Stocks quoted in this article:
Bullish traders took a shine to Mosaic Co (NYSE:MOS - 52.06) on Tuesday, which was up 2.3% by the time the closing bell rang. Roughly 35,000 calls changed hands during the course of the session, which was about seven times the equity's average daily call volume. By comparison, just over 8,800 puts were traded. These optimistic speculators may have been enticed by the fact that the security's short-term options are relatively cheap right now, as reflected by MOS' Schaeffer's Volatility Index (SVI) of 24%, which hovers just seven percentage points above a yearly low.
Yesterday's option of choice was the December 55 strike, where more than 10,300 calls were exchanged -- the majority of them at the ask price, suggesting they were bought. These out-of-the-money contracts crossed at a volume-weighted average price (VWAP) of $0.63 each. This strike saw an overnight rise in open interest of 1,814 calls, pointing to the initiation of new bullish bets. By purchasing these contracts to open, traders are expecting the stock to muscle north of $55.63 (strike price plus VWAP) by the time December options expire.
Also garnering notable attention was the weekly 52.50 strike, which saw nearly 5,100 calls change hands at a VWAP of $0.30 per contract. The bulk of these options traded at the ask price, as well, signaling buyer-fueled activity. Open interest swelled at this strike overnight, again implying that new positions were added here. In order for speculators to realize a profit on these bought-to-open weekly contracts, the equity will need to climb above $52.80 by expiration this Friday.

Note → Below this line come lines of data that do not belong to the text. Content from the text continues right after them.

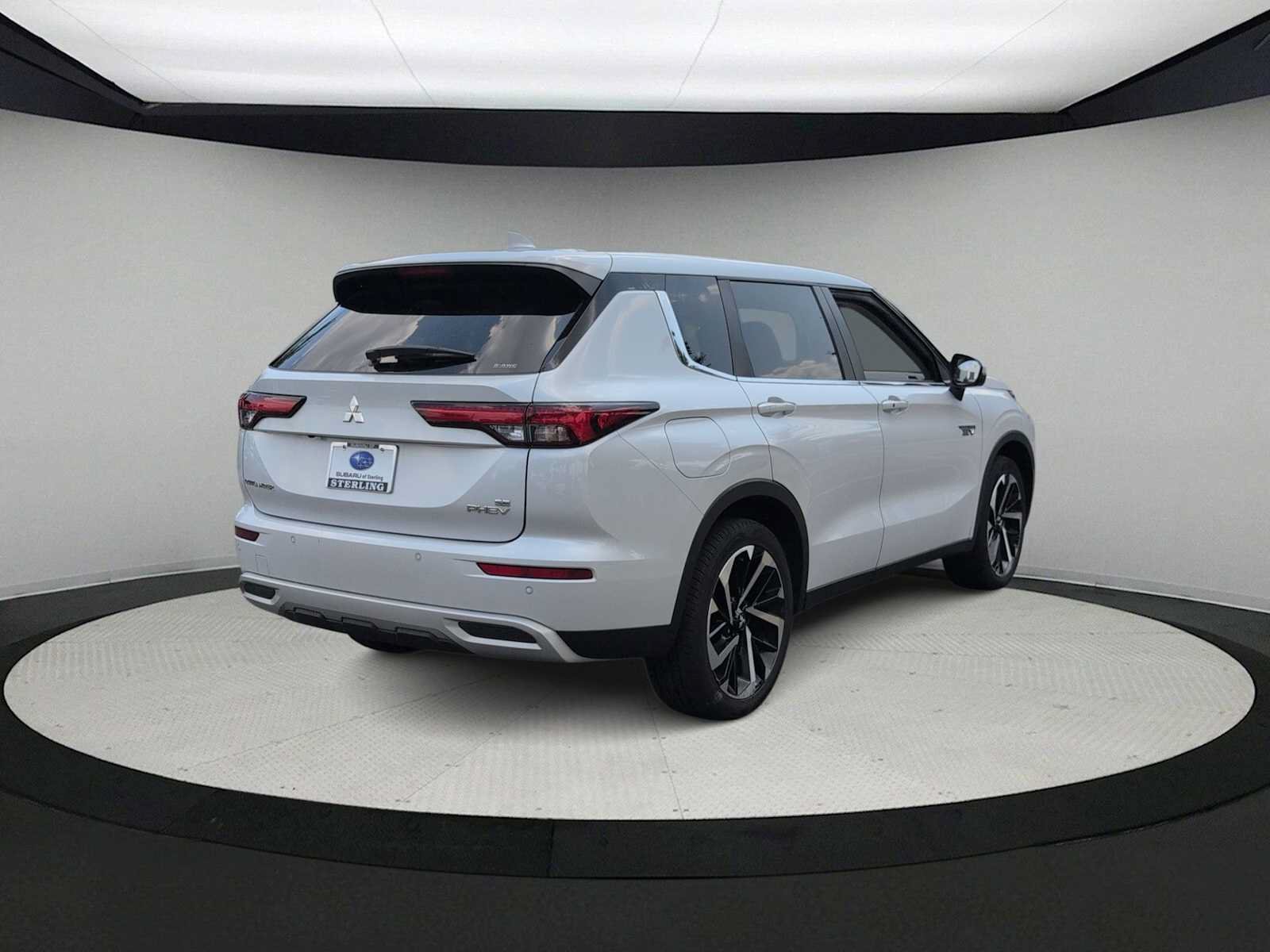 Used 2024 Mitsubishi Outlander SE AWD/4WD image 8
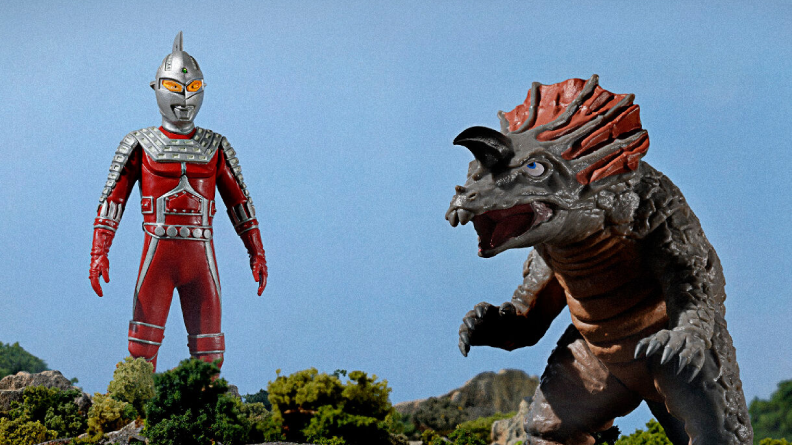 アルティメットルミナス『ニセ・ウルトラセブン＆カプセル怪獣アギラ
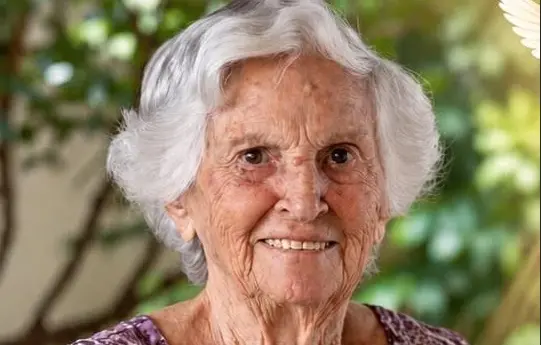 Maria Divina Naves Vasconcelos faleceu aos 92 anos em Buriti Alegre, GO. Passar a vida na cidade onde nasceu, trabalhan…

This uptick in call volume is nothing new for the equity. Data from the International Securities Exchange (ISE), Chicago Board Options Exchange (CBOE), and NASDAQ OMX PHLX (PHLX) shows a 20-day call/put volume ratio of 2.35 for MOS. In other words, calls bought to open have more than doubled puts during the past month. In a similarly bullish vein, the stock's Schaeffer's put/call open interest ratio (SOIR) sits at 0.82, confirming calls outpace puts among options expiring in three months or less. This ratio arrives in the 32nd annual percentile, meaning near-term traders are more call-heavy toward the security than usual.
Most of the analysts covering the agricultural chemical concern seem to share this upbeat attitude toward MOS. The equity boasts 12 "strong buy" endorsements, compared to seven "holds," and not a single "sell" recommendation. Even more telling, the stock's average 12-month price target of $61.94 represents expected upside of about 18.3% to Tuesday's closing price of $52.35.
From a technical standpoint, the shares are up about 4% year-to-date, but have trailed the broader S&P 500 Index (SPX) by nearly eight percentage points over the past two months. Still, yesterday's aforementioned rise pushed the stock atop its 20-day moving average for the first time on a daily closing basis since late September. A continued trek higher could result in a profit for Tuesday's weekly bulls, as well as the December call players.